As you walk to meet a friend for dinner, a fitness tracker measures your moves, uploading personal data about each step along the way.
You forgot your wallet, but you don’t think twice.
With the tap of a button, you reimburse your friend through a peer-to-peer payment website, which links to your savings account.
For a lift home, you use a ridesharing app, which – thanks to information you’ve provided – knows exactly where you live.
“We want everything to be interconnected. We want to be able to do everything from our iPhones and tablets,” said Michel Cukier, director for the Advanced Cybersecurity Experience for Students (ACES) at the University of Maryland, College Park. “That adds another level of risk.”
Launched in 2013, ACES is the nation’s first undergraduate honors program for cybersecurity. For graduates, job prospects are good – almost too good, in fact.
“Companies are begging for cybersecurity experts,” Cukier said.
The so-called “Internet of things” – a term used to describe our network of everyday objects with Internet connectivity – is a hacker’s smorgasbord where our identities and national secrets are on the menu.
Nearly 600,000 cybersecurity incidents were reported to the Department of Homeland Security in 2014.
New threats emerge faster than talent can be developed to stop them.
More than 209,000 cybersecurity jobs in America are unfilled, with job postings in the sector increasing 74 percent over the last five years, according to a Stanford University study using Bureau of Labor Statistics data.
A 2014 report from Cisco paints a more dire picture, estimating 1 million unfilled cybersecurity jobs worldwide.
Without action, the shortage will escalate, experts say.
Demand for cybersecurity professionals is expected to surge globally to 6 million open positions – but only 4.5 million qualified applicants – by 2019, according to Michael Brown, CEO of Symantec, one of the largest providers of security software.
Cybersecurity has become a national priority so critical that the White House, building on past efforts, launched an initiative in February 2016.
The proposal, which would increase federal cybersecurity funding by more than a third, includes modernizing IT across the government, investment in cybersecurity education and the establishment of a commission of thought leaders.
This need for talent, however, isn’t as sudden as it might seem, said Anupam Joshi, director of the Center for Cybersecurity and Cyber Scholars Program at the University of Maryland, Baltimore County.

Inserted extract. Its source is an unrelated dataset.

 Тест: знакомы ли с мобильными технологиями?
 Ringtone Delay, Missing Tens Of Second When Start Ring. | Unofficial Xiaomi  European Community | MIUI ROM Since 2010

“We’ve been hearing for 5, 6, 7 years that we’re not putting out enough people with a skillset in cybersecurity,” he said.
UMBC is a hotbed for cybersecurity talent with more than 1,000 graduates working at the National Security Agency, Joshi said.
While “cybersecurity” is the latest buzzword, the concepts these students learn – keeping data and information out of enemy hands – has existed for decades.
Take, for example, the work of Solomon Golomb, recipient of the 2011 National Medal of Science.
Golomb, who died in May, is best known for inventing mathematical games that served as the inspiration for Tetris.
But it’s his work with cryptography that helped develop early concepts of information security.
Trained as a mathematician, Golomb became fascinated with how algebra, specifically a phenomenon called “nonlinear shift registers,” could be applied to communications.
A shift register, which can be used for cryptographic ciphers, is a transformation of ones and zeroes in which the order of numbers shifts with each repetition.
Hired by the military in 1956, Golomb showed how this tool could be leveraged to create algorithms to secure communications signals.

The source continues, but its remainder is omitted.